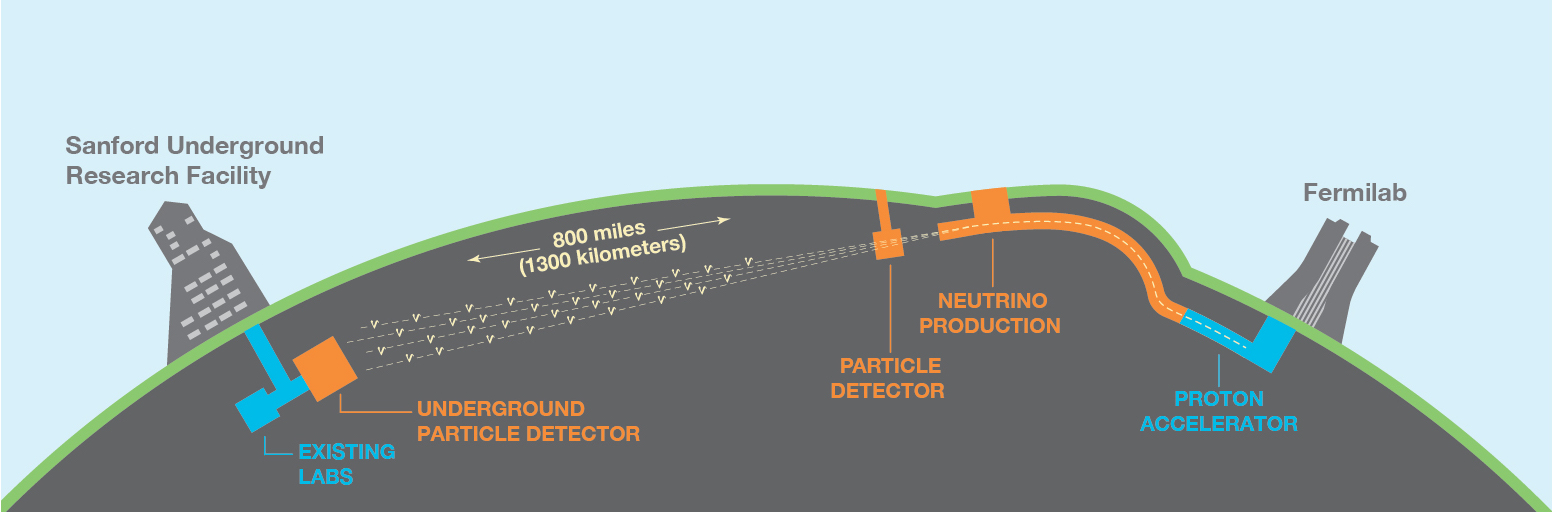 schematic view of the DUNE experiment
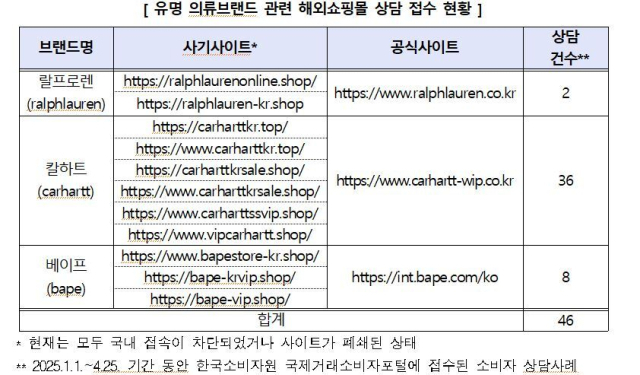한국소비자원 제공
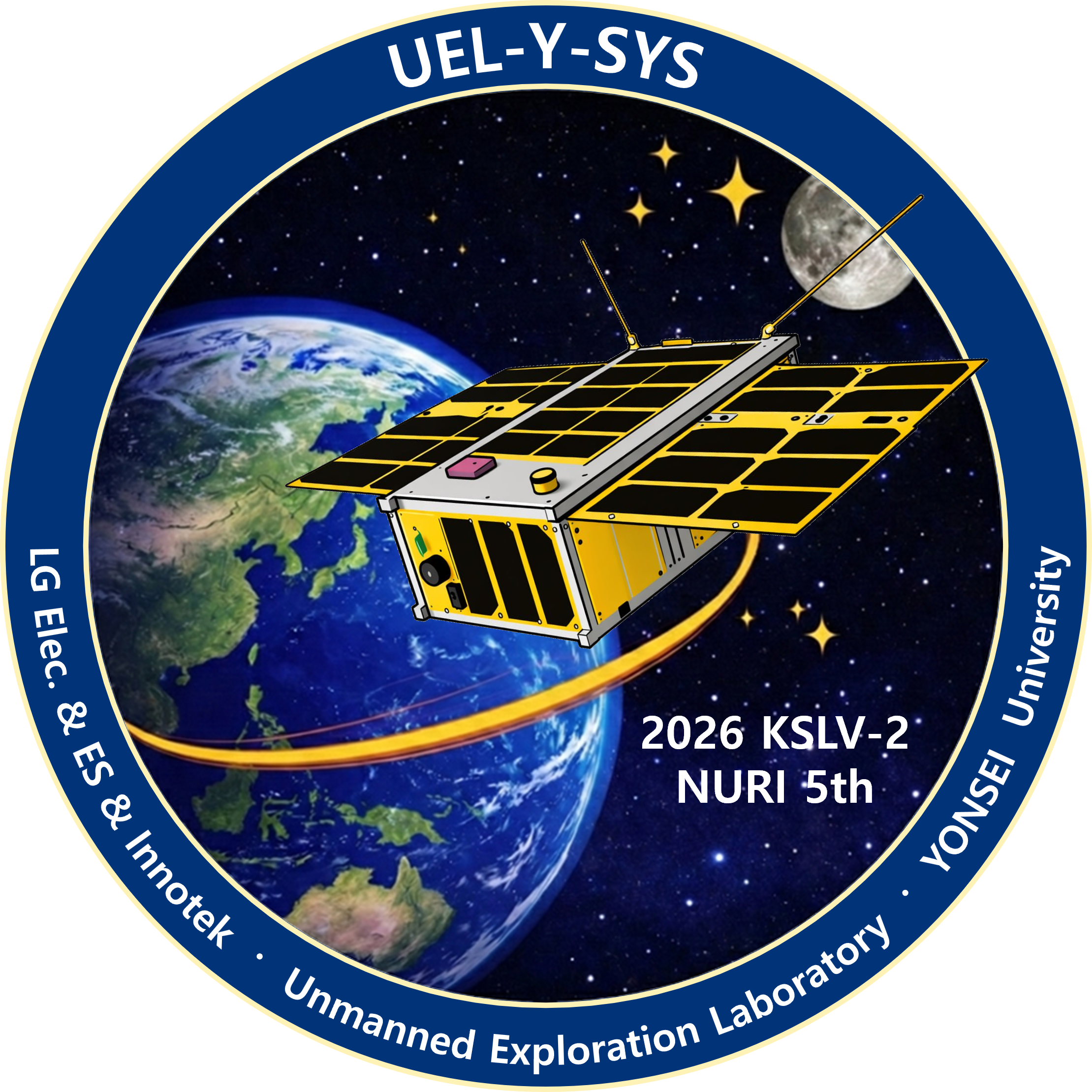 Satellite image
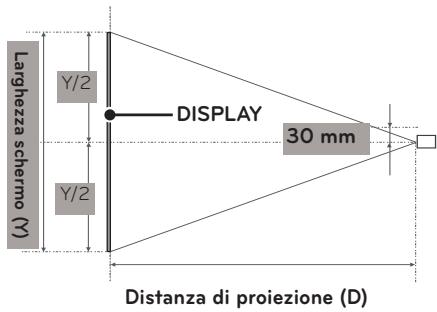 LG PG60G - Distanza di proiezione in base alle dimensioni dello schermo - 2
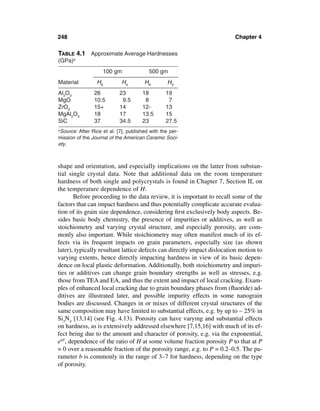 248                                                                      Chapter 4

TABLE 4.1 Approximate Average Hardnesses
(GPa)a
                    100 gm                500 gm
Material          HK         HV         HK         HV
Al2O3           26          23         18         19
MgO             10.5         9.5        8          7
ZrO2            15+         14         12-        13
MgAl2O4         18          17         13.5       15
SiC             37          34.5       23         27.5
a
  Source: After Rice et al. [7], published with the per-
mission of the Journal of the American Ceramic Soci-
ety.



shape and orientation, and especially implications on the latter from substan-
tial single crystal data. Note that additional data on the room temperature
hardness of both single and polycrystals is found in Chapter 7, Section II, on
the temperature dependence of H.
       Before proceeding to the data review, it is important to recall some of the
factors that can impact hardness and thus potentially complicate accurate evalua-
tion of its grain size dependence, considering ﬁrst exclusively body aspects. Be-
sides basic body chemistry, the presence of impurities or additives, as well as
stoichiometry and varying crystal structure, and especially porosity, are com-
monly also important. While stoichiometry may often manifest much of its ef-
fects via its frequent impacts on grain parameters, especially size (as shown
later), typically resultant lattice defects can directly impact dislocation motion to
varying extents, hence directly impacting hardness in view of its basic depen-
dence on local plastic deformation. Additionally, both stoichiometry and impuri-
ties or additives can change grain boundary strengths as well as stresses, e.g.
those from TEA and EA, and thus the extent and impact of local cracking. Exam-
ples of enhanced local cracking due to grain boundary phases from (ﬂuoride) ad-
ditives are illustrated later, and possible impurity effects in some nanograin
bodies are discussed. Changes in or mixes of different crystal structures of the
same composition may have limited to substantial effects, e.g. by up to ∼ 25% in
Si3N4 [13,14] (see Fig. 4.13). Porosity can have varying and substantial effects
on hardness, as is extensively addressed elsewhere [7,15,16] with much of its ef-
fect being due to the amount and character of porosity, e.g. via the exponential,
ebP, dependence of the ratio of H at some volume fraction porosity P to that at P
= 0 over a reasonable fraction of the porosity range, e.g. to P = 0.2–0.5. The pa-
rameter b is commonly in the range of 3–7 for hardness, depending on the type
of porosity.
 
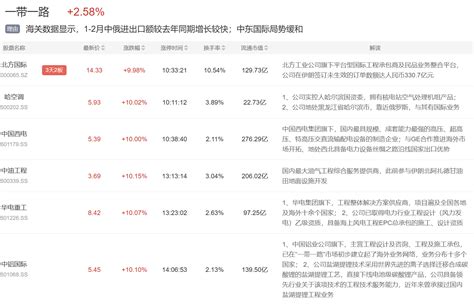 3月15日主题复盘 国企改革领涨，一带一路再度活跃 选股宝 发现好股票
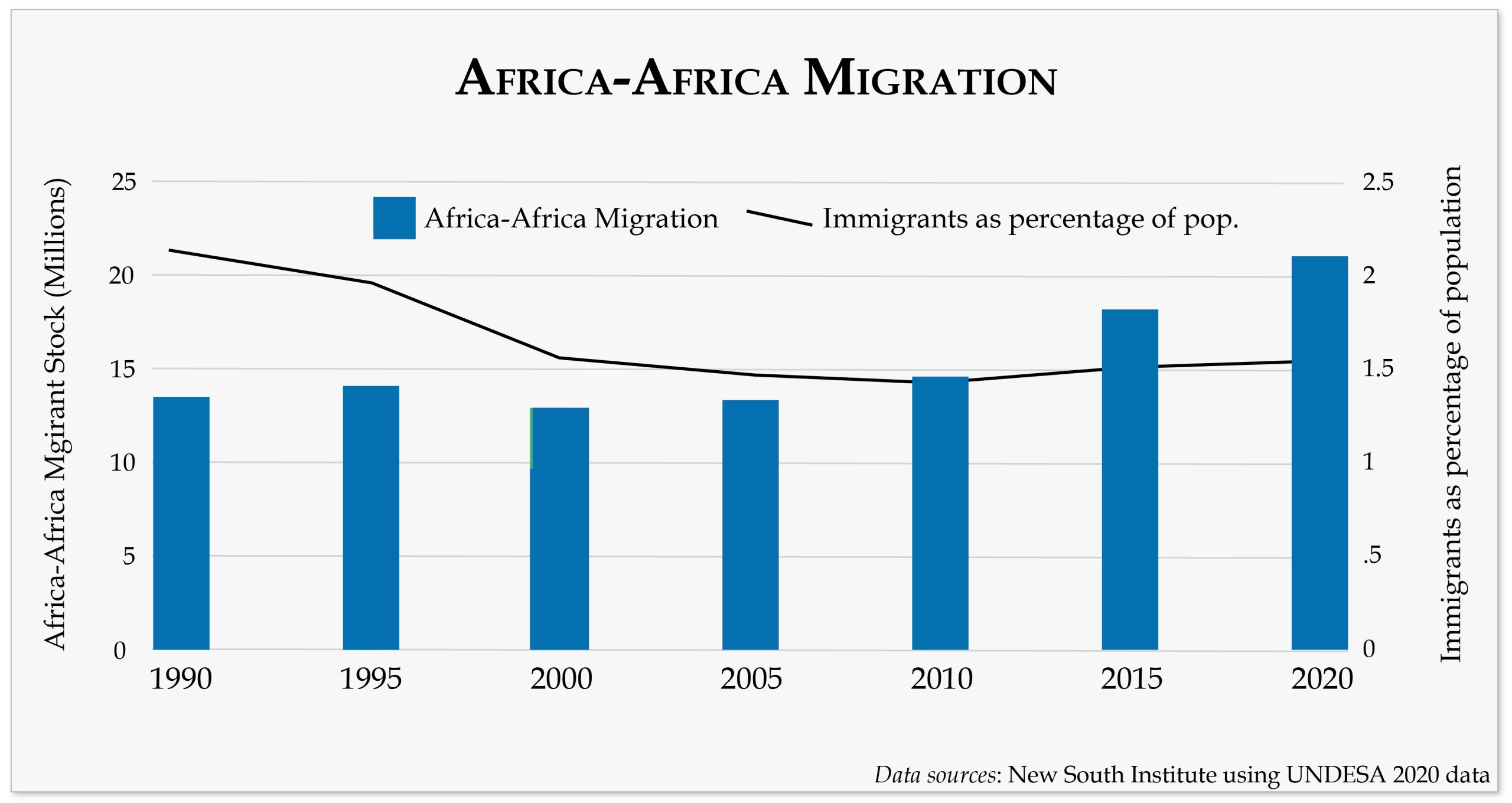 Africa-Africa Migration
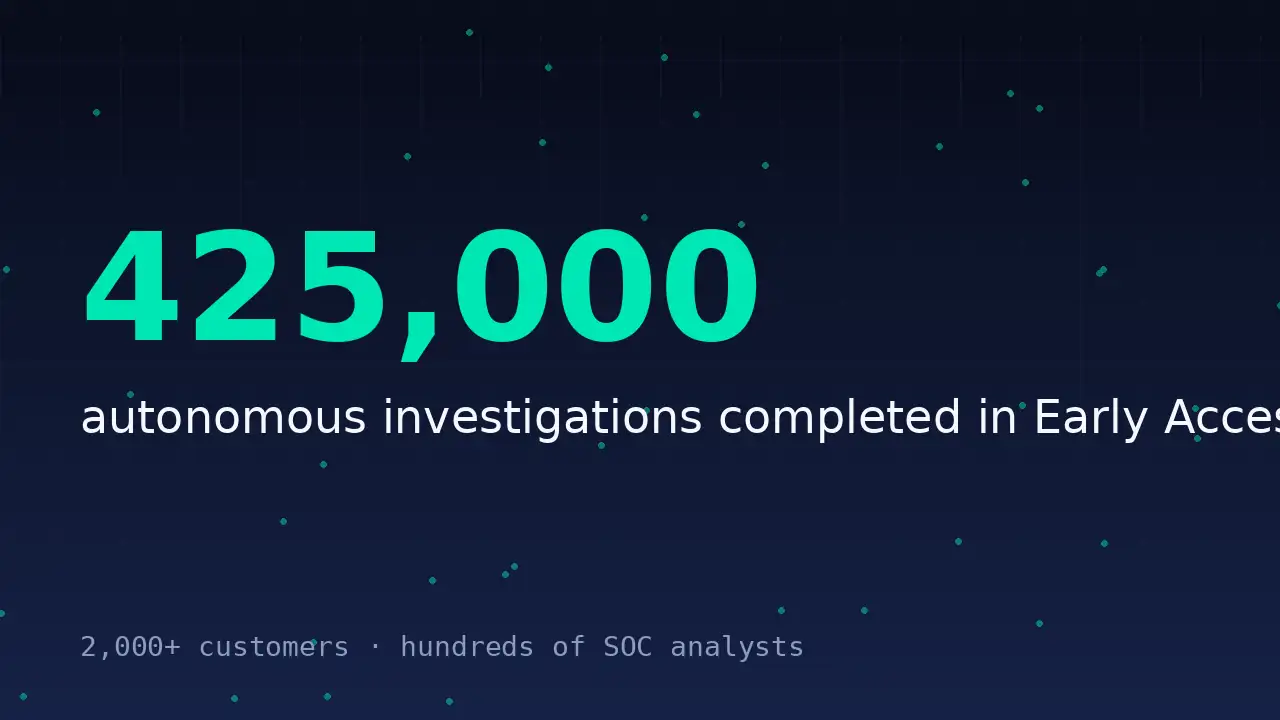 Graphic: 425,000 autonomous investigations completed in Early Access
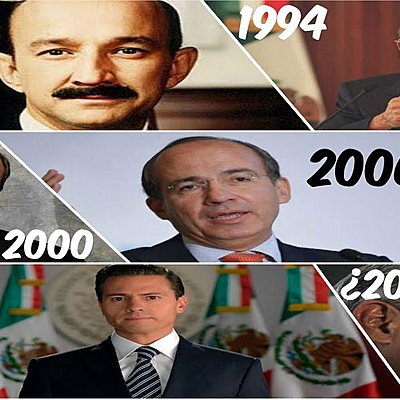 Timeline: Presidentes de México de 1988 a 2006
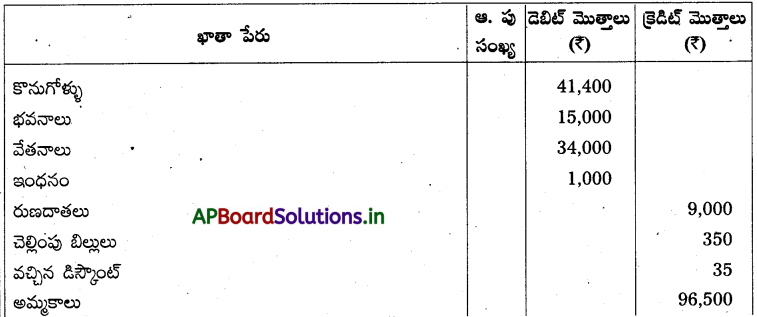 AP Inter 1st Year Accountancy Study Material Chapter 10 అంకణా 12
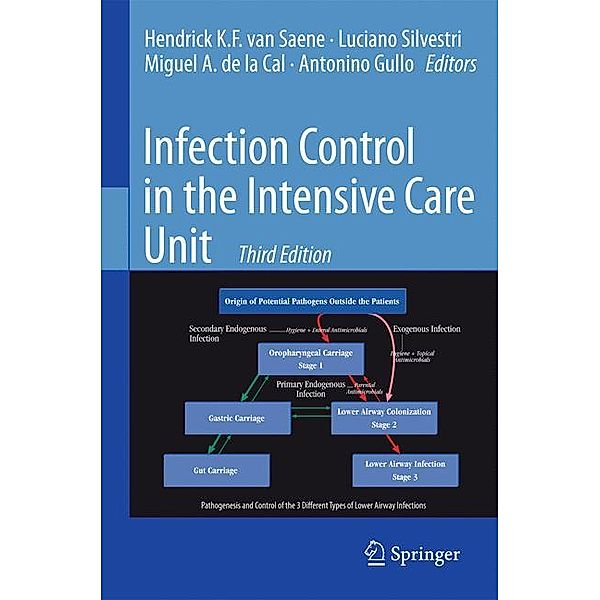 Infection Control in the Intensive Care Unit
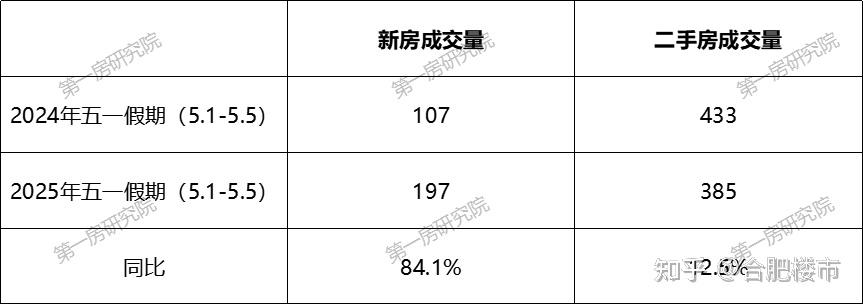 最高67折！合肥楼市五一火了，新房暴涨84%背后，真相竟是…… - 知乎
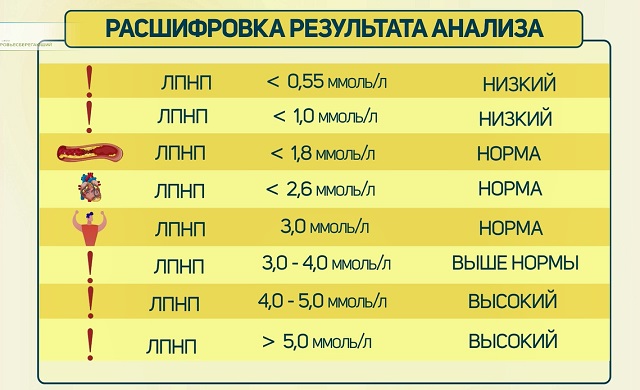 Расшифровка результата анализа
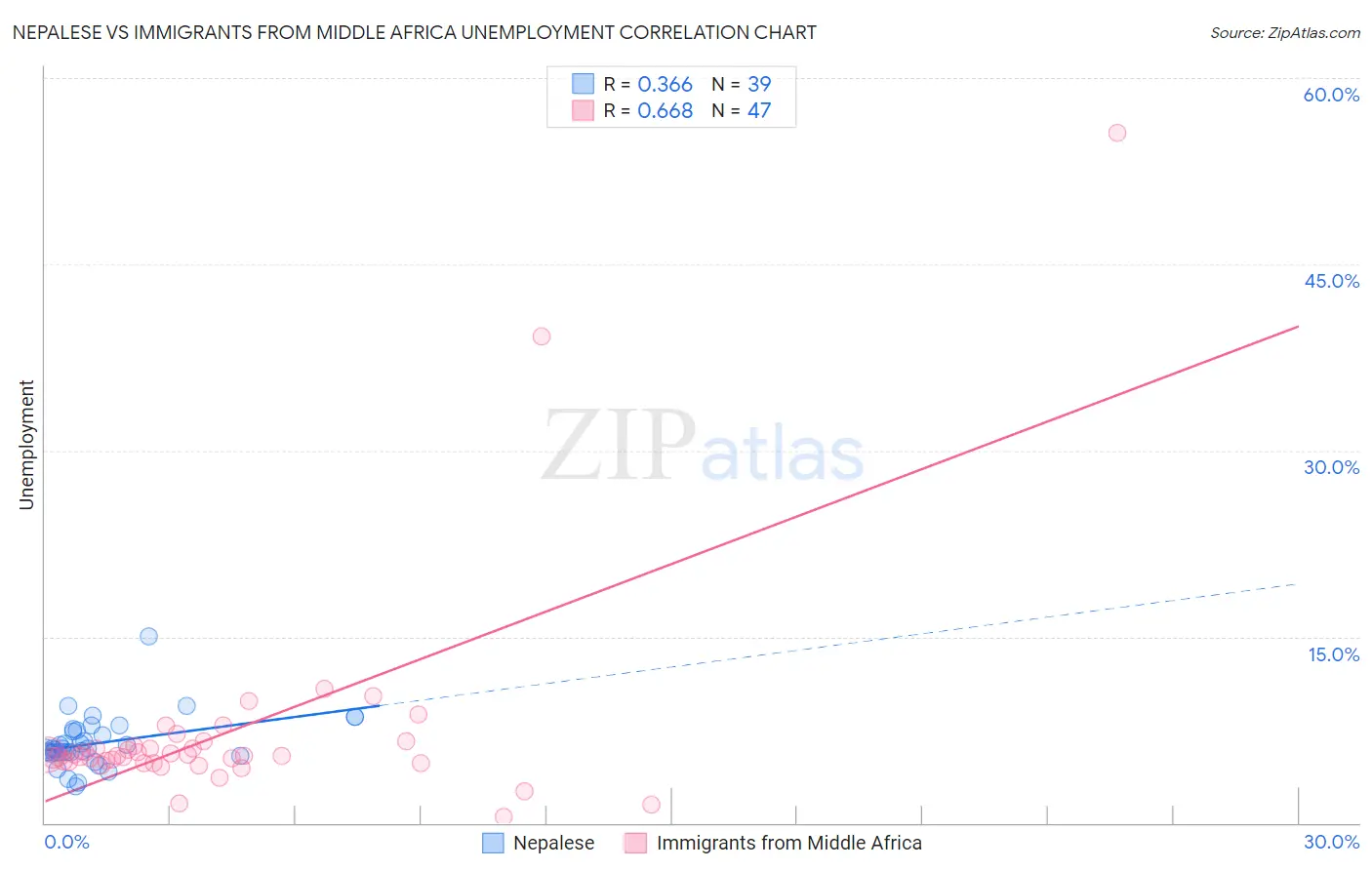Nepalese vs Immigrants from Middle Africa Unemployment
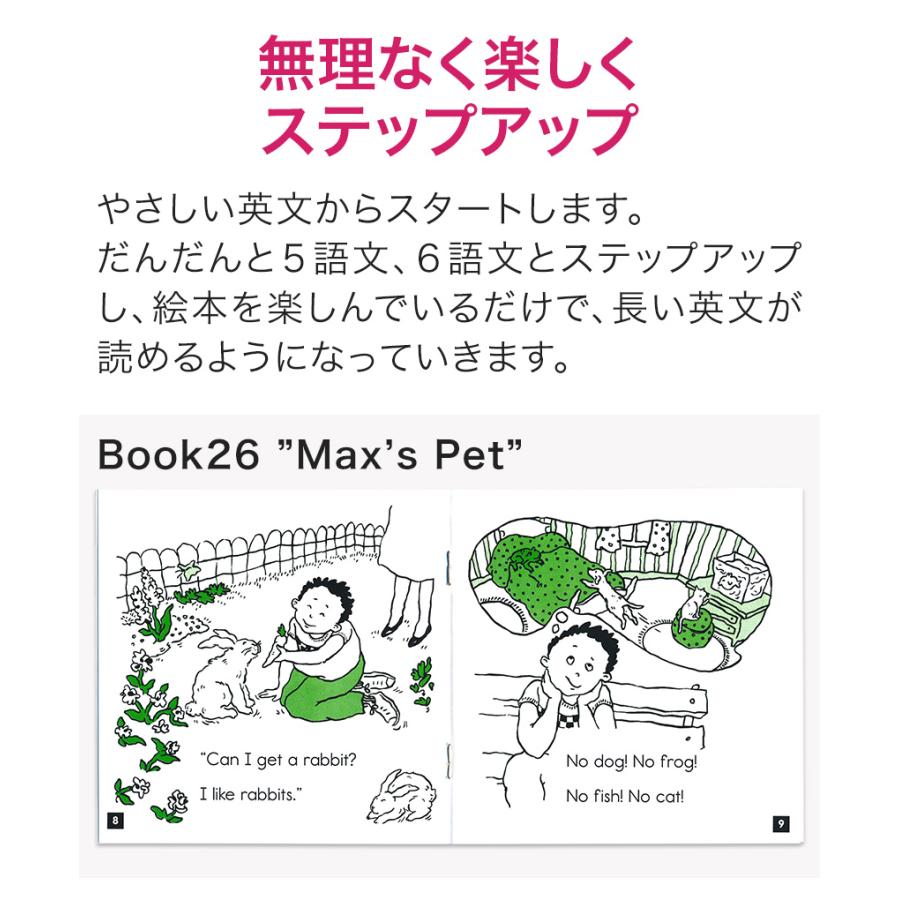 SCHOLASTIC Phonics Readers レベルC フォニックス 英語絵本12冊セット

### Aim of the task
Reproduce all of the material exactly, apart from the pictures.

### Exercise result
 schematic view of the DUNE experiment
한국소비자원 제공
 Satellite image
 LG PG60G - Distanza di proiezione in base alle dimensioni dello schermo - 2
 248                                                                      Chapter 4

TABLE 4.1 Approximate Average Hardnesses
(GPa)a
                    100 gm                500 gm
Material          HK         HV         HK         HV
Al2O3           26          23         18         19
MgO             10.5         9.5        8          7
ZrO2            15+         14         12-        13
MgAl2O4         18          17         13.5       15
SiC             37          34.5       23         27.5
a
  Source: After Rice et al. [7], published with the per-
mission of the Journal of the American Ceramic Soci-
ety.



shape and orientation, and especially implications on the latter from substan-
tial single crystal data. Note that additional data on the room temperature
hardness of both single and polycrystals is found in Chapter 7, Section II, on
the temperature dependence of H.
       Before proceeding to the data review, it is important to recall some of the
factors that can impact hardness and thus potentially complicate accurate evalua-
tion of its grain size dependence, considering ﬁrst exclusively body aspects. Be-
sides basic body chemistry, the presence of impurities or additives, as well as
stoichiometry and varying crystal structure, and especially porosity, are com-
monly also important. While stoichiometry may often manifest much of its ef-
fects via its frequent impacts on grain parameters, especially size (as shown
later), typically resultant lattice defects can directly impact dislocation motion to
varying extents, hence directly impacting hardness in view of its basic depen-
dence on local plastic deformation. Additionally, both stoichiometry and impuri-
ties or additives can change grain boundary strengths as well as stresses, e.g.
those from TEA and EA, and thus the extent and impact of local cracking. Exam-
ples of enhanced local cracking due to grain boundary phases from (ﬂuoride) ad-
ditives are illustrated later, and possible impurity effects in some nanograin
bodies are discussed. Changes in or mixes of different crystal structures of the
same composition may have limited to substantial effects, e.g. by up to ∼ 25% in
Si3N4 [13,14] (see Fig. 4.13). Porosity can have varying and substantial effects
on hardness, as is extensively addressed elsewhere [7,15,16] with much of its ef-
fect being due to the amount and character of porosity, e.g. via the exponential,
ebP, dependence of the ratio of H at some volume fraction porosity P to that at P
= 0 over a reasonable fraction of the porosity range, e.g. to P = 0.2–0.5. The pa-
rameter b is commonly in the range of 3–7 for hardness, depending on the type
of porosity.
 
 3月15日主题复盘 国企改革领涨，一带一路再度活跃 选股宝 发现好股票
 Africa-Africa Migration
 Graphic: 425,000 autonomous investigations completed in Early Access
 Timeline: Presidentes de México de 1988 a 2006
 AP Inter 1st Year Accountancy Study Material Chapter 10 అంకణా 12
 Infection Control in the Intensive Care Unit
 最高67折！合肥楼市五一火了，新房暴涨84%背后，真相竟是…… - 知乎
 Расшифровка результата анализа
Nepalese vs Immigrants from Middle Africa Unemployment
 SCHOLASTIC Phonics Readers レベルC フォニックス 英語絵本12冊セット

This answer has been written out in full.